Surveying the 2015 Architecture & Design Film Festival, going on now in New York City

Architecture & Design Film Festival
New York
Through October 18, 2015

It’s that time of year again. The Architecture & Design Film Festival is back with a roundup of films on architecture, design, and the built environment. It’s a great way of taking the pulse of what’s going on here and abroad, and how work is being represented to a wider public.

The films fall into two genres—by architect or designer, and by building. In the former, there is Concrete Love (read AN‘s review here), a beautifully made film by Maurizius Staerkle Drux about three generations of Böhm family architects, including Gottfried, the only German to win the Pritzker Prize. Ove Arup: The Philosopher Engineer, Henning Larsen—Light and Space, SlingShot about Dean Kamen, David Adjaye – Collaborations, and Talking to My Father on Irish modernist Robin Walker.

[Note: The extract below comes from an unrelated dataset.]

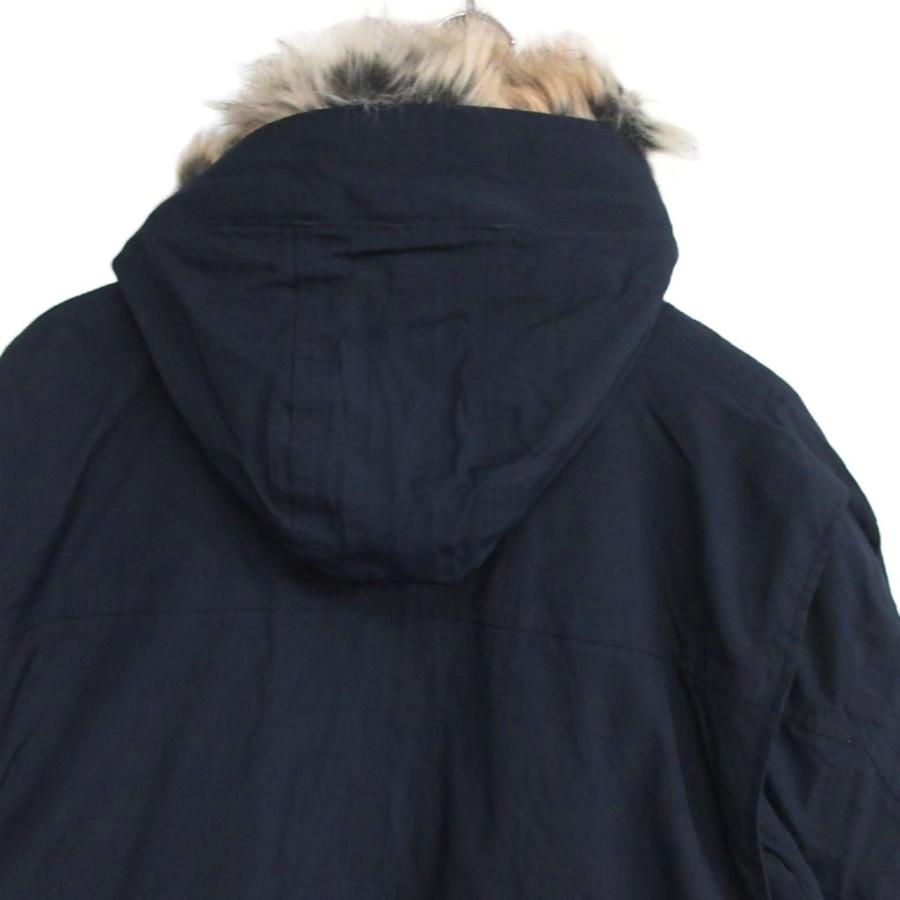 【美品】LAND'S END／ ランズエンド プリマロフト ダウンジャケット L ランズエンド LANDS' END 希少 20AW サーモプリューム ダウン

Talking to My Father is part of a subgenre of films made by the children of architects including Nathaniel Kahn’s My Architect: A Son’s Journey (2003) in searching of his father, Louis Kahn and My Father the Genius (2002) about Lucia Small’s father, Glen. Whereas these two children were estranged, Simon Walker was close to his father and became an architect himself. He is now burnishing his father’s legacy, recalling his apprenticeships with Corbusier and Mies, and trying to save his buildings. In SlingShot, Kamen is presented as more than just the man behind the Segway; he is an inventive spirit and problem-solver who is devoted to cracking big problems like clean water, and health issues—things we are running out of time to resolve.

The building-based films include Under the Skin of Design about the making of Ravensbourne (formerly the College of Design and Communication in London), the last building by Foreign Office Architects, Strange & Familiar: Architecture on Fogo Island, where architecture by Todd Saunders shapes a program by the homegrown Shorefast Foundation to enliven this remote Newfoundland Island whose economy had nose-dived, Modern Ruin: A World’s Fair Pavilion about the 1964 NY State Pavilion by Philip Johnson at the NY World’s Fair (reviewed by AN here).

The Infinite Happiness explores Bjarke Ingels‘ 8 House “vertical village” outside of Copenhagen. The film, which opened the festival, will give viewers a preview of VIA 57 WEST, the pyramid-shaped apartment building under construction on the far west side. Vignettes of mowing lawns, riding a unicycle, a children’s treasure hunt, and a mailman offer glimpses of this self-contained world.

An 8 House penthouse resident, Boris, who is originally from Bosnia, directly addresses Ingels: “Hello Bjarke. I think that… You are a madman. And that’s with love. That’s with affection. I think you created something of quality, something beautiful, something extraordinary… Is it living experiment? Is it social experiment? Is it just a product of the mad mind, extraordinary mind, a genius mind… I don’t know what it is, but I feel privileged that I get a possibility to live (in) a place you built…Bjarke… I would like to borrow your brain, just a little.”